Start of Exercise input

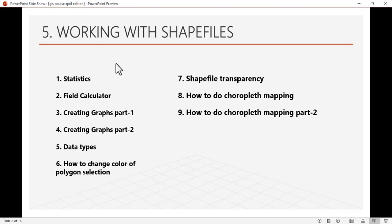Today we're starting the fifth session: working with shapefiles. This module consists of nine videos or more. This is just a guide, and as we proceed, we'll continue with this session. We're starting with the first video, how to use statistics. Let's head to ArcMAP, which is the software we're going to be using.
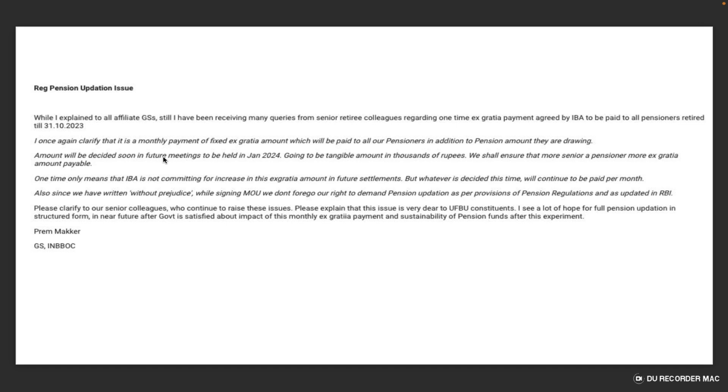I once again clarify that this is a monthly payment of a fixed ex-gracia amount which will be paid to all pensioners in addition to the pension amount they are drawing.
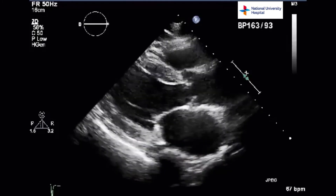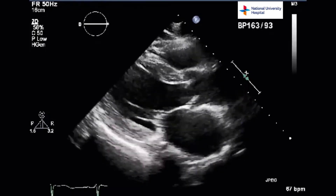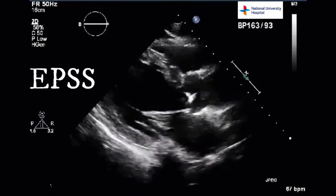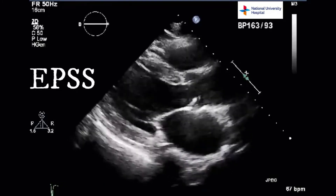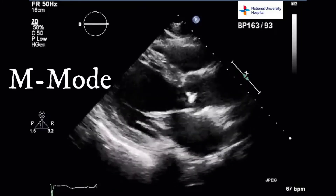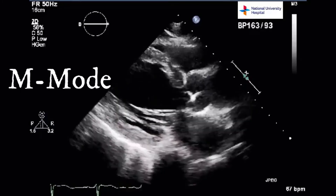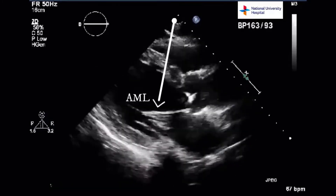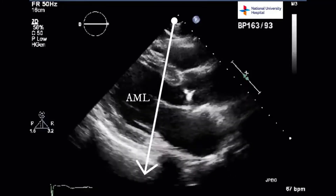Finally, we will look at EPSS, or E-point septal separation. This is another method of quantifying LV systolic function. This is a quick guide on how to obtain the EPSS measurement from the parasternal long axis view. EPSS refers to E-point septal separation. It is an easily obtained measurement that has been validated as a reliable surrogate for ejection fraction. M-mode is used to obtain the EPSS measurement. The M-mode tracer is placed over the distal tip of the anterior leaflet of the mitral valve as shown here.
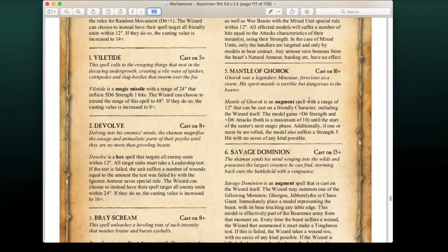Level 5 spell Mantle of Gorak is cast on 10+ — an augment spell with a range of 12 inches that can be cast on a friendly character, including the wizard itself. The model gains +D6 Strength and +D6 Attacks, both to a maximum of 10, until the start of the caster's next magic phase. However, if one or more sixes are rolled, the model suffers a Strength 5 hit with no saves of any kind possible — a risk-reward situation, cool on a suicide charge.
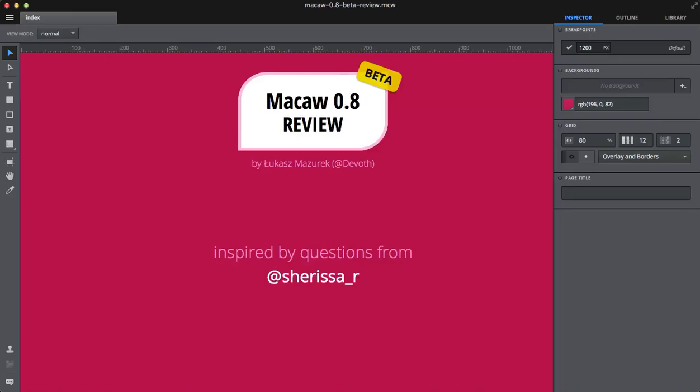Hi guys, welcome to Macaw beta review. This review was inspired by Sherissa_r and a couple other people who asked me to share my experience of using Macaw.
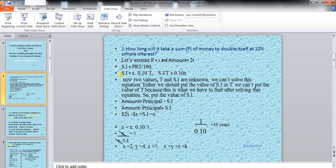Two values are unknown in this equation. Though we have assumed the value of P as X, we still don't know the value of SI and T. We can't solve this equation until we find a value for SI or T. We can't put the value of T here because that is what we are finding out, so we should put the value of SI here.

End of Exercise input

§ **Brief**:
Provide an exact copy of only the lines from the beginning of the entries through the line containing "Finally, we will", both ends included, with no pictures.

§ **Answer to this problem**:
Today we're starting the fifth session: working with shapefiles. This module consists of nine videos or more. This is just a guide, and as we proceed, we'll continue with this session. We're starting with the first video, how to use statistics. Let's head to ArcMAP, which is the software we're going to be using.
I once again clarify that this is a monthly payment of a fixed ex-gracia amount which will be paid to all pensioners in addition to the pension amount they are drawing.
Finally, we will look at EPSS, or E-point septal separation. This is another method of quantifying LV systolic function. This is a quick guide on how to obtain the EPSS measurement from the parasternal long axis view. EPSS refers to E-point septal separation. It is an easily obtained measurement that has been validated as a reliable surrogate for ejection fraction. M-mode is used to obtain the EPSS measurement. The M-mode tracer is placed over the distal tip of the anterior leaflet of the mitral valve as shown here.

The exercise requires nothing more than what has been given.